By Art Horne
Good sleep habits play an important role in athletic performance; there are few things as intuitive as the need for a good night's rest. Yet how many athletes in your setting truly take advantage of it? If you've ever looked around a team bus and seen heads bobbing up and down as athletes doze off during even short trips, it's obvious that many are sleep deprived.
On the physical side, sleep-deprivation studies have shown that the primary negative effect of sleep debt is a decrease in time to exhaustion during activity. In prolonged performance tests, subjects who have gotten less sleep consistently tire more quickly than those who have gotten more. The mental effects of sleep debt, meanwhile, are much more pronounced. And for competitive sports, in which decisions must be made in the blink of an eye and concentration is at a premium, sleep deprivation can really hinder an athlete’s ability to succeed.

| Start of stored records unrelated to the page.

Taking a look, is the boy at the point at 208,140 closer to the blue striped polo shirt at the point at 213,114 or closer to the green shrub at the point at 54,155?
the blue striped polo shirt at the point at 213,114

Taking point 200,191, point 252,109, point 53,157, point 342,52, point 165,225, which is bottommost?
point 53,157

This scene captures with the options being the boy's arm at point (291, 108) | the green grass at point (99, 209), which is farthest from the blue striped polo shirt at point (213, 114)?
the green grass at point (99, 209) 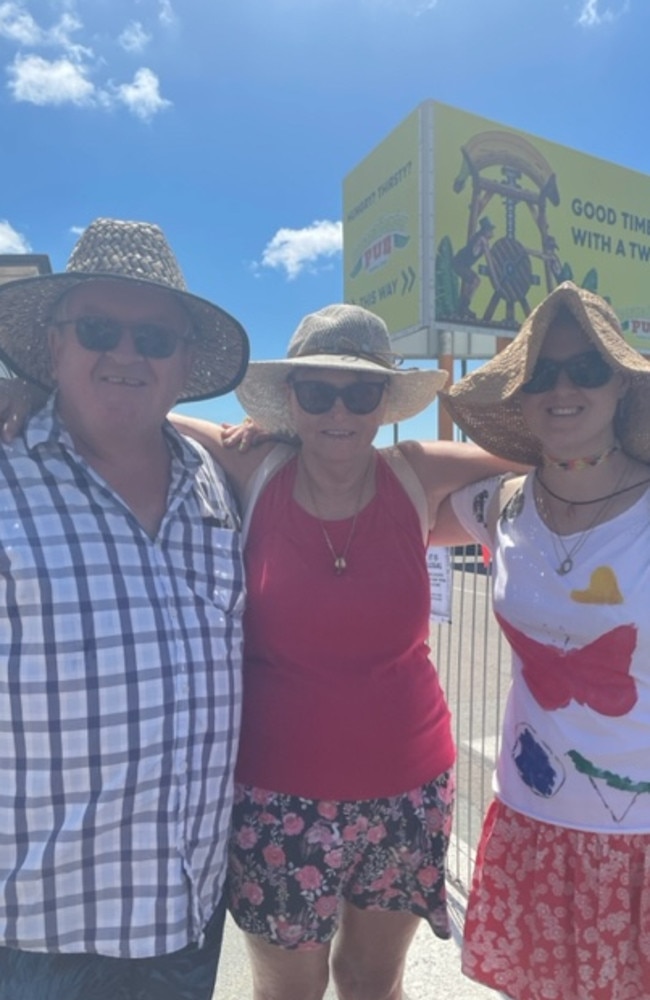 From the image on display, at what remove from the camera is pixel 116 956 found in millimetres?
1472

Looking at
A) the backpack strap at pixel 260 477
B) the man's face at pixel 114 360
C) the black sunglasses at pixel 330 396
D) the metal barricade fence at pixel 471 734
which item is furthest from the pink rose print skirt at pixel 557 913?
the man's face at pixel 114 360

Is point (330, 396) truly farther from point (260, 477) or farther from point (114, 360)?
point (114, 360)

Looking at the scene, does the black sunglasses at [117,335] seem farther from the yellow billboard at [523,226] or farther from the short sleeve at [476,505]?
the yellow billboard at [523,226]

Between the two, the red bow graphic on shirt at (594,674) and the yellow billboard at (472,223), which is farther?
the yellow billboard at (472,223)

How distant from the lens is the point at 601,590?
1659mm

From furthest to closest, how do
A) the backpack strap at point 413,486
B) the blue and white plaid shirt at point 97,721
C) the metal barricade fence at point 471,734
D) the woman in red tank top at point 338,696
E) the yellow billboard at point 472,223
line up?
1. the yellow billboard at point 472,223
2. the metal barricade fence at point 471,734
3. the backpack strap at point 413,486
4. the woman in red tank top at point 338,696
5. the blue and white plaid shirt at point 97,721

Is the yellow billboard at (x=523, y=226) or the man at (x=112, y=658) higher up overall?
the yellow billboard at (x=523, y=226)

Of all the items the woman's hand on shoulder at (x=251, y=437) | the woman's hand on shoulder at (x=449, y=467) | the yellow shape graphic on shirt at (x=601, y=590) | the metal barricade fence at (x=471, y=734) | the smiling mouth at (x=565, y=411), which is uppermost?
the smiling mouth at (x=565, y=411)

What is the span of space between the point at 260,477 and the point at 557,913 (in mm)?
1313

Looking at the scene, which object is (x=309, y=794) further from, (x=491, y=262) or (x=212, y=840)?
(x=491, y=262)

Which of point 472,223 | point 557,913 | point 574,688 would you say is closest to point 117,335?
point 574,688

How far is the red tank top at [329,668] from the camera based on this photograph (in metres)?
1.89

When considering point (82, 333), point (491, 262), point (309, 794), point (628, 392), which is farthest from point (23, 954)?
point (491, 262)

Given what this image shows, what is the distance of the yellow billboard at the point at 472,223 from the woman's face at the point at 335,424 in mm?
8515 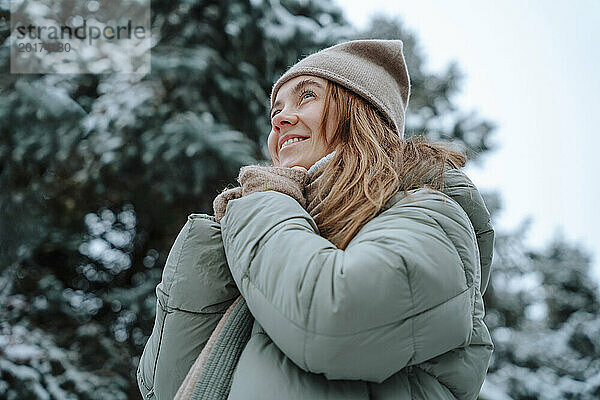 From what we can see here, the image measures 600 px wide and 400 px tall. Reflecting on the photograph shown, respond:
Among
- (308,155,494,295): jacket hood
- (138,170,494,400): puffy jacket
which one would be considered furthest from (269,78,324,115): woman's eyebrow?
(138,170,494,400): puffy jacket

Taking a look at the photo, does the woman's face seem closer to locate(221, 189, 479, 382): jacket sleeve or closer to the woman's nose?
the woman's nose

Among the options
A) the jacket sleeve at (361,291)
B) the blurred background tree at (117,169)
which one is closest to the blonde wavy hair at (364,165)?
the jacket sleeve at (361,291)

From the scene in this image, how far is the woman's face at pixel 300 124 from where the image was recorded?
1456 millimetres

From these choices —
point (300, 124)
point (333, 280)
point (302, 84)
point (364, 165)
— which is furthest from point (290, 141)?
point (333, 280)

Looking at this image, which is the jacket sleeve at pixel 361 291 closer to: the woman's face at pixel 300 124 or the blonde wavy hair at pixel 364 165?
the blonde wavy hair at pixel 364 165

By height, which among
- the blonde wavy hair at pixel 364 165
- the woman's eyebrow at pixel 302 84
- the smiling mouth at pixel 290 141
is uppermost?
the woman's eyebrow at pixel 302 84

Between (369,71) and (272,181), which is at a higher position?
(369,71)

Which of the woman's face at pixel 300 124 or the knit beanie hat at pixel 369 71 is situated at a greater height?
the knit beanie hat at pixel 369 71

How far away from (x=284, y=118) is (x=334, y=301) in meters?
0.68

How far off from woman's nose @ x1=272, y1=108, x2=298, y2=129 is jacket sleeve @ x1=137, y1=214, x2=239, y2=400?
403 mm

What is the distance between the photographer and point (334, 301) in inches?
36.6

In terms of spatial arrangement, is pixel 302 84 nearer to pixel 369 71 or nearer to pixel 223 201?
pixel 369 71

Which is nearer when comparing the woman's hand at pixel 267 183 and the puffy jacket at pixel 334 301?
the puffy jacket at pixel 334 301

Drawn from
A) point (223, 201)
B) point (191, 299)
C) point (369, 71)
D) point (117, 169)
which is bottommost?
point (117, 169) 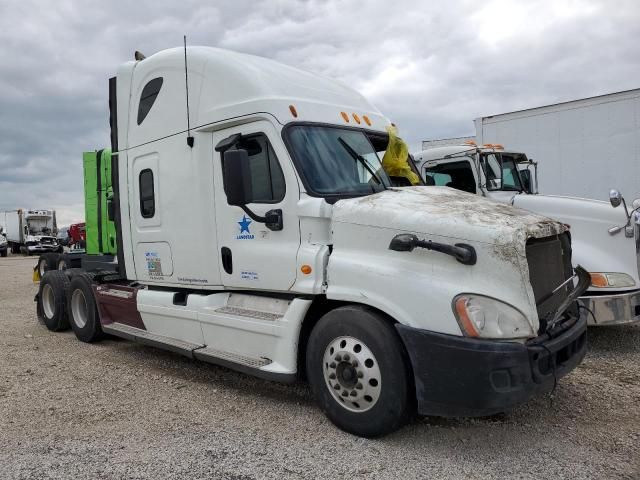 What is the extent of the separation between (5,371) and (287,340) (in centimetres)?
357

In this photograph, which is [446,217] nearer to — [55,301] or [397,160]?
[397,160]

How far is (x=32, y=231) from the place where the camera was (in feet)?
122

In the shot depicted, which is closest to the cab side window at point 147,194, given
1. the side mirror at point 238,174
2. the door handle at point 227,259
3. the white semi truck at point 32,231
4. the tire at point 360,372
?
the door handle at point 227,259

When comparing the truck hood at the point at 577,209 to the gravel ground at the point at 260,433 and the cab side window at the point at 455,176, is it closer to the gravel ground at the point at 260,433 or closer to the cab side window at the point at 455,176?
the cab side window at the point at 455,176

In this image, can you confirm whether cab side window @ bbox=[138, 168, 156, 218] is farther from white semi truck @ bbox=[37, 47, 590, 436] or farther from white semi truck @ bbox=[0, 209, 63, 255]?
white semi truck @ bbox=[0, 209, 63, 255]

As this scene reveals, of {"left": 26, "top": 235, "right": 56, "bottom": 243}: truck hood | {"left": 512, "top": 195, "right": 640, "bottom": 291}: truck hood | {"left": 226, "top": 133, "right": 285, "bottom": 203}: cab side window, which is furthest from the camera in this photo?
{"left": 26, "top": 235, "right": 56, "bottom": 243}: truck hood

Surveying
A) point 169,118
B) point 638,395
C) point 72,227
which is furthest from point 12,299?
point 638,395

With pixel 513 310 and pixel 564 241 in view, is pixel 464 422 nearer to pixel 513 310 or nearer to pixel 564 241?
pixel 513 310

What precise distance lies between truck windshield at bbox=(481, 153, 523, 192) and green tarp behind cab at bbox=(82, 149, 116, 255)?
5338mm

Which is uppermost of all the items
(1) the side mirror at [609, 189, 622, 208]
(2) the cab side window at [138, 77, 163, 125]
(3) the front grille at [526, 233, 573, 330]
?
(2) the cab side window at [138, 77, 163, 125]

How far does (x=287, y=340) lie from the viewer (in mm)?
4211

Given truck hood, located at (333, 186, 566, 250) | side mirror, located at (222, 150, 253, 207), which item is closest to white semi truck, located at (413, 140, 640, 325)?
truck hood, located at (333, 186, 566, 250)

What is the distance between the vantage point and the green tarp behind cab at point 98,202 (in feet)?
24.7

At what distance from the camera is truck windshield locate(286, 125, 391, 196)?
4.32m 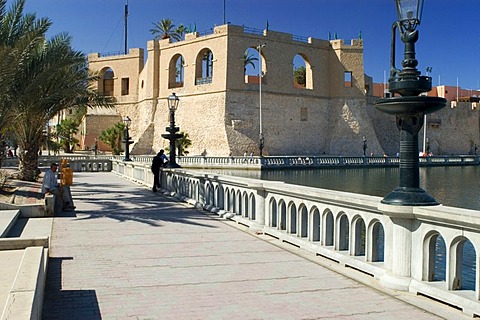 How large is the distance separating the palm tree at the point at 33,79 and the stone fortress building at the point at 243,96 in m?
32.4

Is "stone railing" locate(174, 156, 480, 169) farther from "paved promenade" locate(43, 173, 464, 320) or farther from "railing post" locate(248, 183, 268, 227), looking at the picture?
"paved promenade" locate(43, 173, 464, 320)

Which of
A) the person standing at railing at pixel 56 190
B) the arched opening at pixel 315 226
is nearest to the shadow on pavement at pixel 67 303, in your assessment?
the arched opening at pixel 315 226

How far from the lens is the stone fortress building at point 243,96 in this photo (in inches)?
2020

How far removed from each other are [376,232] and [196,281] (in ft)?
6.82

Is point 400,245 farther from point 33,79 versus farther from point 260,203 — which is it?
point 33,79

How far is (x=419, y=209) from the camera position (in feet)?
16.1

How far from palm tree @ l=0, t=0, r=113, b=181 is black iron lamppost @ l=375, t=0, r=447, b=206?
9.07 metres

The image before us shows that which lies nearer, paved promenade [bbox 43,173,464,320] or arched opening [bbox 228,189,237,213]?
paved promenade [bbox 43,173,464,320]

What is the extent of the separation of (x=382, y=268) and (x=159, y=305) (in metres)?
2.43

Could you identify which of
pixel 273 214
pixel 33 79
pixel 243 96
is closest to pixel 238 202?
pixel 273 214

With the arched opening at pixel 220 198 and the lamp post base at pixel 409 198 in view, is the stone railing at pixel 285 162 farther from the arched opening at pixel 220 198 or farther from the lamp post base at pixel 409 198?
the lamp post base at pixel 409 198

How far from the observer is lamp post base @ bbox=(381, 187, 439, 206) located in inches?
201

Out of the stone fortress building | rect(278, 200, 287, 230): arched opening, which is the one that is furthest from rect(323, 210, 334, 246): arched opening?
the stone fortress building

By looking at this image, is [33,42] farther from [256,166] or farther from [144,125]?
[144,125] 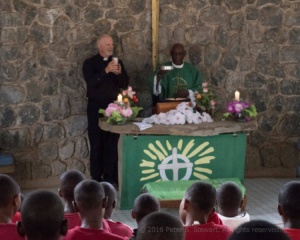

The goal of nine hours per night for teens and college students will seem unrealistic to many, but the closer they can come to that number, the better they'll feel and the more they'll enjoy the health, recovery, and performance benefits of sleep.
Consistency in sleep time is valuable as well. Going to bed and waking up at the same time every day takes maximum advantage of the body's natural circadian rhythm, while having different bedtimes and wake-up times every day can throw off the internal clock. Once a routine is established, athletes will find they are able to fall asleep more quickly and sleep more soundly through the night.
Here are other helpful sleep tips to pass on to your athletes:
• Eliminate as many light sources as possible when going to bed. This means turning off computer monitors, using dark curtains over dorm windows, and even rolling up a towel and putting it at the base of the door to block light from the hallway. If these steps are not possible, try using a sleeping mask to cover your eyes.
• Try wearing soft foam earplugs to eliminate nighttime noises that might interrupt your sleep. Or, if you're used to some ambient noise at night, use a fan, humidifier, or other appliance that creates "white noise" to make you more comfortable.
• Turn off the ringer on your phone(s) before going to bed. Remember that interrupted sleep can deprive you of the deeper stages of the sleep cycle, which have so many crucial benefits.
• Engage in progressive relaxation activities as you prepare to go to sleep. Being very physically active late at night, exposure to bright light right before bed (for instance from a computer monitor or television), or eating less than two hours before bedtime can delay "sleep latency," making it harder to fall asleep and robbing you of total sleep time.
• Set the room at a cool, comfortable temperature for sleep. Some people prefer warmer sleep environments than others, so when your team travels, try to find a roommate with a similar temperature preference.